By Sal Bommarito
Nuclear proliferation is now one of the most important global issues. Iran and North Korea are creating increasing tension and concern throughout the world.
In the 50s and 60s, I still recall the threat of a nuclear confrontation between the Soviet Union and the U.S. We practiced taking cover at school in the event of an attack, as if hiding under a desk would shield us from a nuclear blast. Ironically, the chances of a nuclear war at the time were much smaller than now.
Nikita Khrushchev was the leader of the Soviet Union in those days. He was portrayed in the American press as a maniacal dictator, but a person to be feared. His control over the Soviet nuclear arsenal was a blessing that we did not appreciate until much later. The Soviet Union’s leaders knew that if they launched their missiles at America, we would launch ours in response. The world would be over, for all intents and purposes, as major cities in both countries would be destroyed by the blasts of atomic weapons, and subsequent radiation fallout. This was known as mutually assured destruction.

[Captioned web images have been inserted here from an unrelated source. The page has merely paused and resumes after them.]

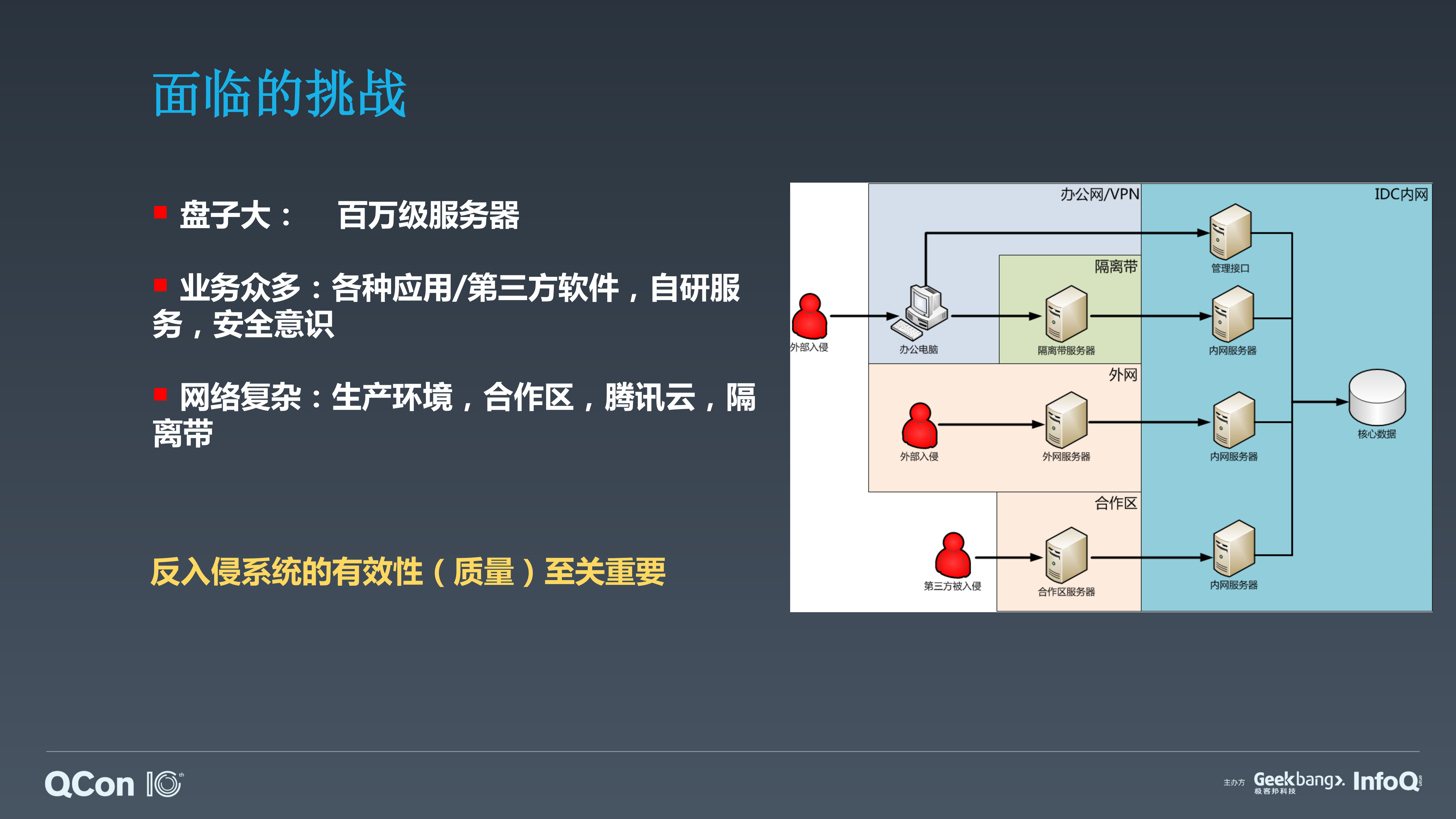 百万级服务器反入侵场景的混沌工程实践_ITIL之家(www.itilzj.com)_.PDF 第7页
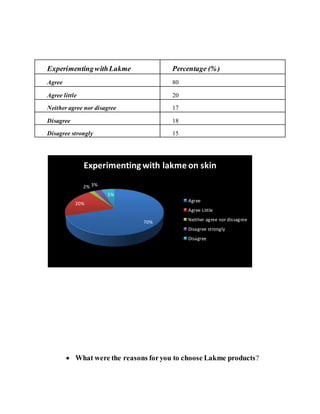 ExperimentingwithLakme Percentage (%)
Agree 80
Agree little 20
Neither agree nor disagree 17
Disagree 18
Disagree strongly 15
 What were the reasons foryou to choose Lakme products?
70%
20%
2% 3%
5%
Experimentingwith lakme on skin
Agree
Agree Little
Neither agree nor dissagree
Disagree strongly
Disagree
 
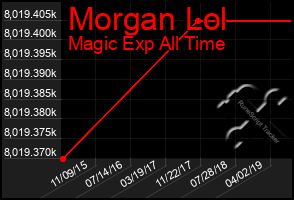 Total Graph of Morgan Lol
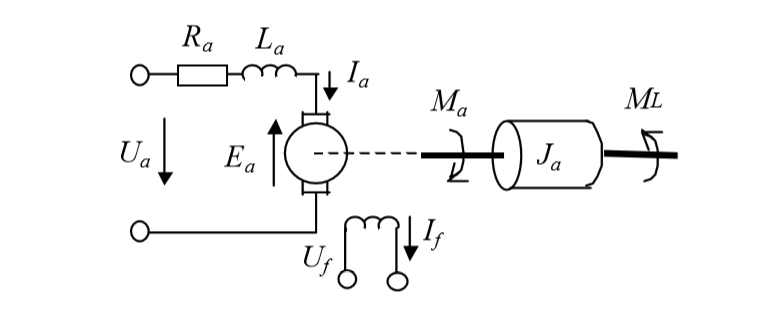 直流电动机数学模型图片
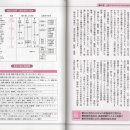 포장의 책 30 식품의 종류는 다양, 미생물과의 투쟁 이미지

The situation today is much more disconcerting. Although the chances of a global nuclear holocaust are minimal, the chances for a region nuclear encounter are growing every day. Why? The two countries that have, or will have nukes in the near term, are not to be trusted. Of course, I refer to Iran and North Korea.

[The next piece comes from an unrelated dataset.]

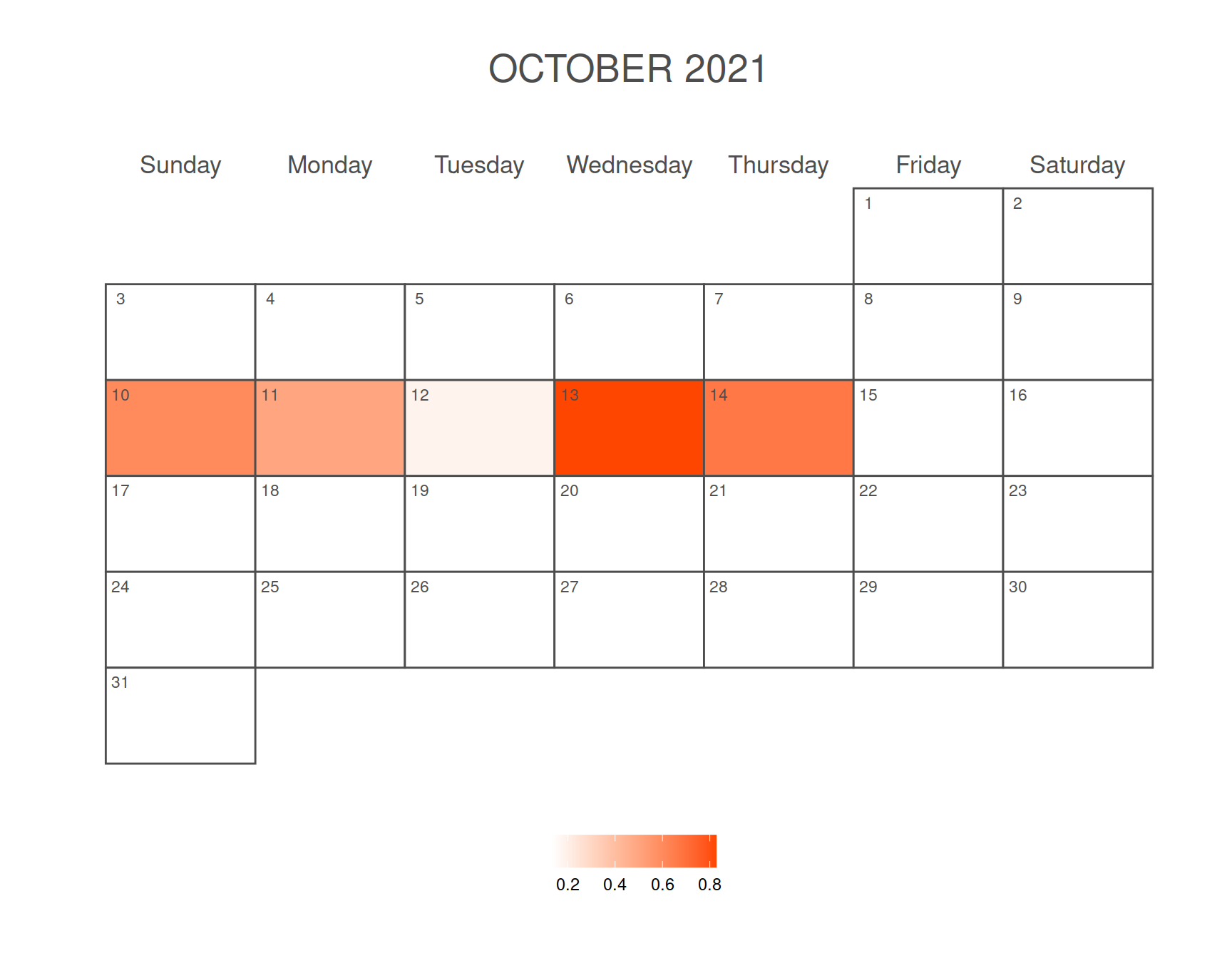 Monthly calendar heatmap in ggplot2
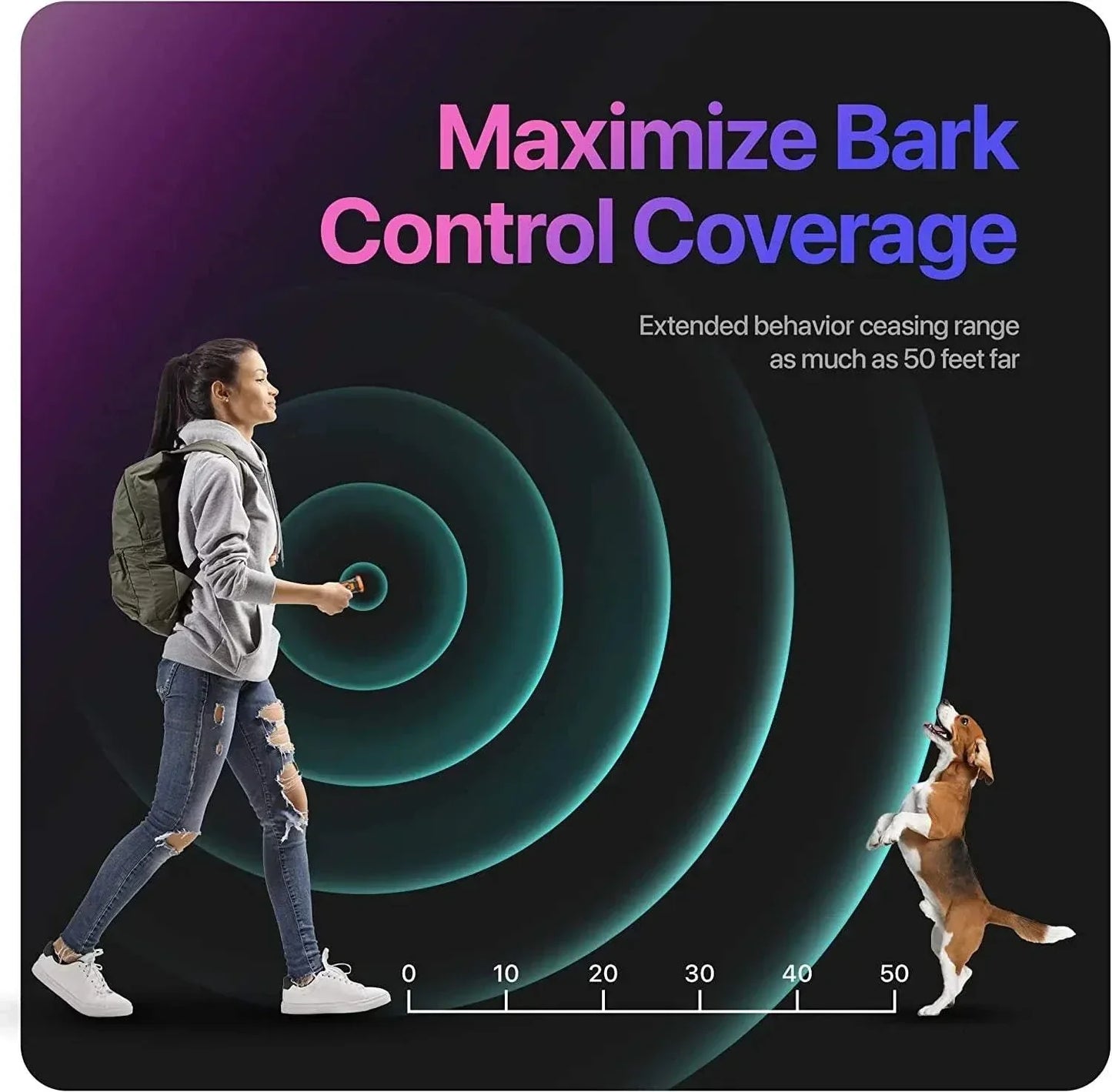 Rechargeable ultrasonic dog training and anti-bark device with LED flashlight, compact and portable design, ideal for training and repelling dogs, 2023 release.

Some pundits insist that the crazed leaders of the aforementioned countries know that they will be obliterated if they employ their nuclear weapons, so they will never do so (similar to the Soviet standoff with the U.S.). However, radical Islamic insanity may supersede good judgment and drive the ayatollahs in Iran to do something crazy.
Similarly, the ultimate leader of North Korea, a thirty-something year old megalomaniac might feel slighted one morning by actions taken by South Korea, Japan or even China. In response, he may launch nuclear missiles at one of his neighbors.

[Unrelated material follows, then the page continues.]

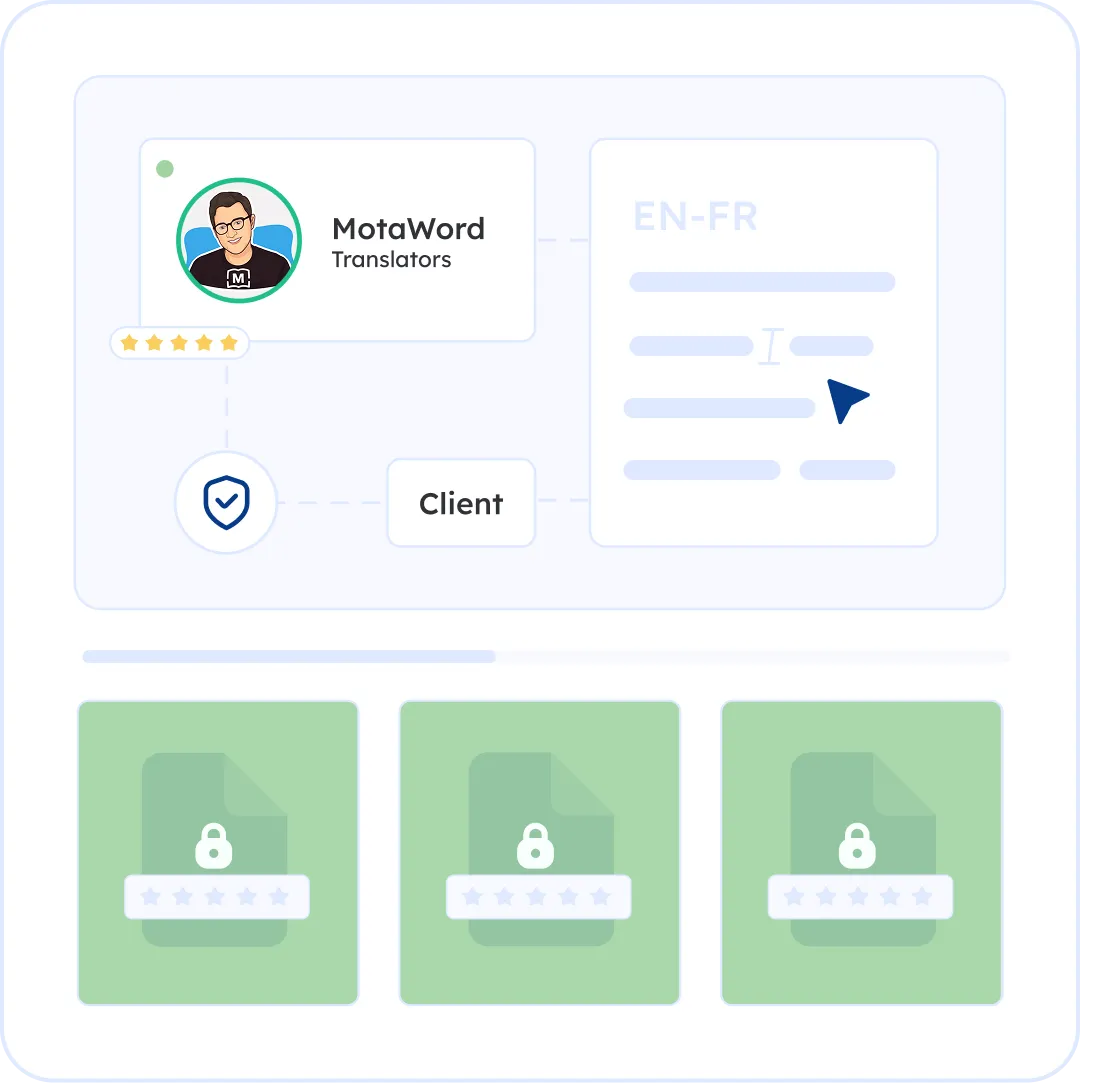 Security You Can Trust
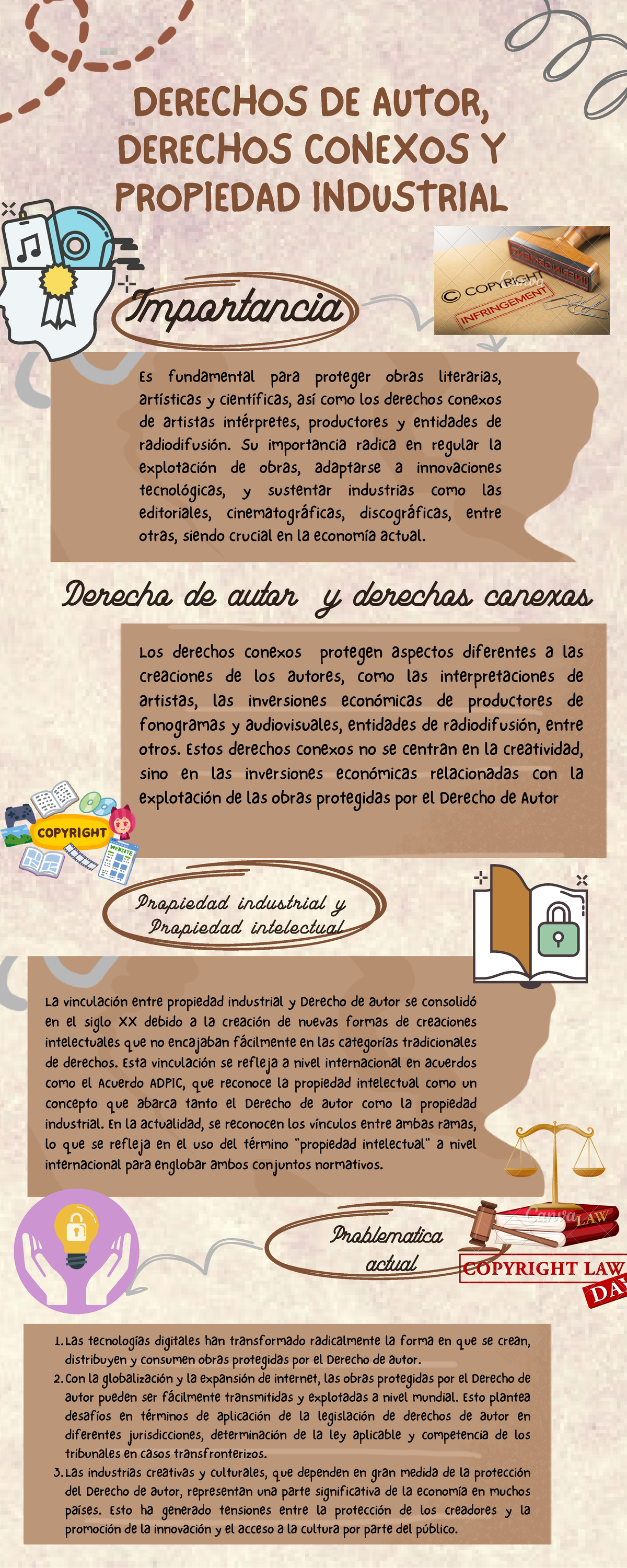 Derechos de autor - infografia de una lectura - Derecho de autor y ...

Can anyone think of two worse countries to possess strategic weapons? Our president decided that stalling, not preventing, Iran for perhaps ten years from developing a nuclear weapon was a good idea . Keep in mind, the Iranians are notorious cheaters and are likely to continue prohibited activities, so they might have a bomb sooner. In the meantime, Iran denounces America on a regular basis, says we are not dealing with them honestly and continues to destabilize Sunni regimes throughout the Middle East. The radical religious perspectives of the Iranian leadership are not easily predicted, no matter what anyone says.
Many Americans believe the U.S. should walk away from the Iran deal and increase sanctions; this will surely happen if a Republican wins the White House in November. The best non-military tactic would be to bankrupt Iran and destroy it economically. This would delay the production of a nuclear device, decrease the amount of resources it might use for its insurgent activities and possibly result in a revolution and a regime change. Currently, the Obama administration plans to decrease sanctions and return $100 billion absconded from Iran.
Another issue that no one seems to be focusing on is that Iran and the Shiite sect are a small part of the Islam universe; Shiites account for 10% of all Muslims; Shiites and Sunnis have been fighting with each other for more than a century. Shiites total 150-200 million; 66 million are located in Iran. It is likely that the Sunnis will overwhelm Shiites in the long-term, if all other things remain equal. The game changer for Iran is a nuclear weapon. This capability will tilt the balance of power to the Shiite minority.
North Korea is an example of horrible foreign policy by the U.S. and China. The Clinton administration attempted to make peace with North Korea; how did that work out? It was a fruitless effort. Kim Jong-un and his predecessors (dad and grand dad) have blatantly violated mandates to halt the country’s nuclear program. Kim has tested nuclear devices along with long-range missiles, all without any meaningful response from the global community. The U.S. has objected, the U.N. has no influence and China mysteriously allows their next-door neighbor to create more tension.
Frankly, the only non-military chance for a cessation of North Korea’s nuclear program lies with the China. The latter has total economic power over the former. It is inconceivable that Xi Jimping has allowed Kim to create such a stir. Rumor has it that Xi is particularly upset with Kim’s recent escapades including testing a (so-called) hydrogen bomb near the Chinese border and shooting missiles into the ocean.
It’s time the civilized global community put a stop to nuclear proliferation by irresponsible regimes. The world is in grave danger with such powerful weapons in the hands of volatile leaders.